First off, all you have to do is Google to see the same trail recommendations pop up for Sedona. Yes, getting your picture taken on the Devil’s Bridge is stunning. But here is what they don’t tell you. You may have to wait in line for an hour to take that picture. Good luck trying to wrangle children for that amount of time if you brought them along! That hour long wait – that may come on top of the time it takes you just to find a parking spot. If you are trying to reach the Devil’s Bridge on a peak weekend, just count on having to take the shuttle. If all this sounds a little overwhelming, and you are thinking to yourself “surely there are some other underrated gems in Sedona”, then you and I share the same approach to Sedona hiking! Which brings me to the Fay Canyon Trail!

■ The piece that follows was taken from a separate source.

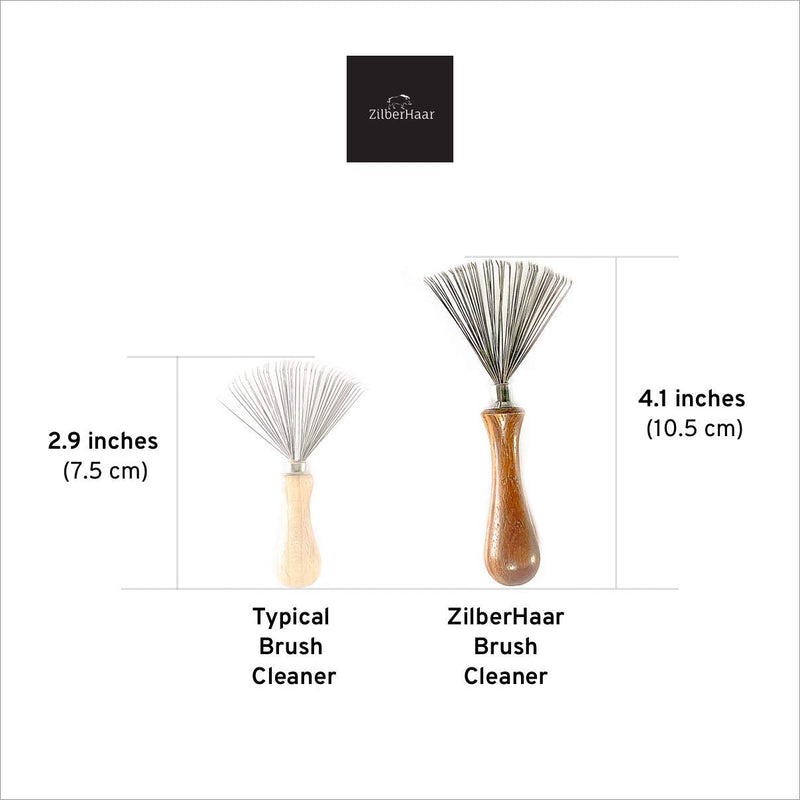 [Australia] - ZilberHaar Brush Cleaner - Beard and Hair Brush Cleaner Tool - Hand-Made Natural Hairbrush Cleaner Tool - 4.3 Inches Long and 1.9 Inches Wide at Rake End 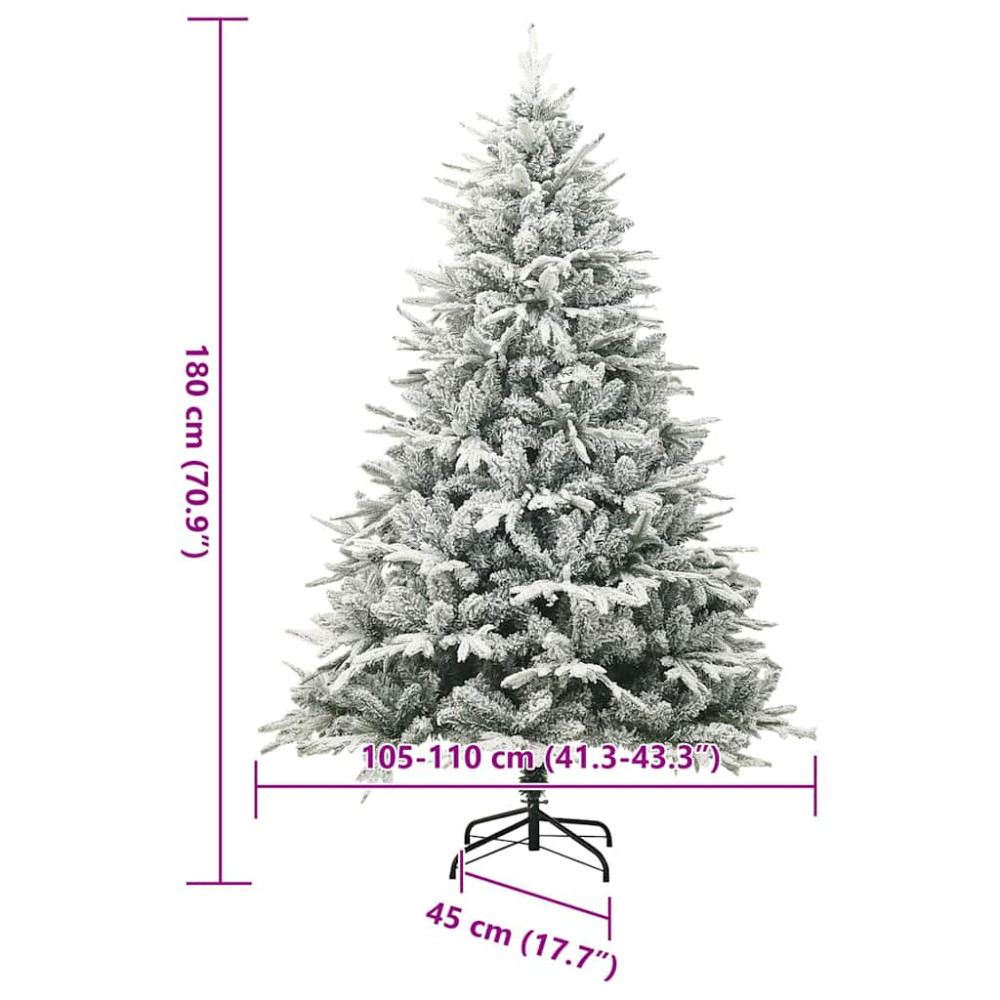 Produktbild för Konstgjord förbelyst julgran med stativ Grön 180 cm PVC och PE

The Fay Canyon Trail has everything you are looking for in Sedona! Dazzling red rock, panoramic views, scenic hiking amongst towering cliffs, and epic spots for that unforgettable snapshot! Plus, it is a great family friendly hike for adults and kids alike due to the shorter distance and ease of terrain. But it is not too easy – there are some optional parts that will challenge those up for it! And if that’s not enough, here is why I recommend the Fay Canyon hike if you are in Sedona – there are less people, less congestion, and you stand a much better chance of actually snagging a parking spot upon arrival. To put it in context, just a few months back, I snagged a parking spot upon arrival, mid-morning, on a weekend during spring break! If that got your attention, and it should, then continue reading up on this unicorn of hikes in Sedona!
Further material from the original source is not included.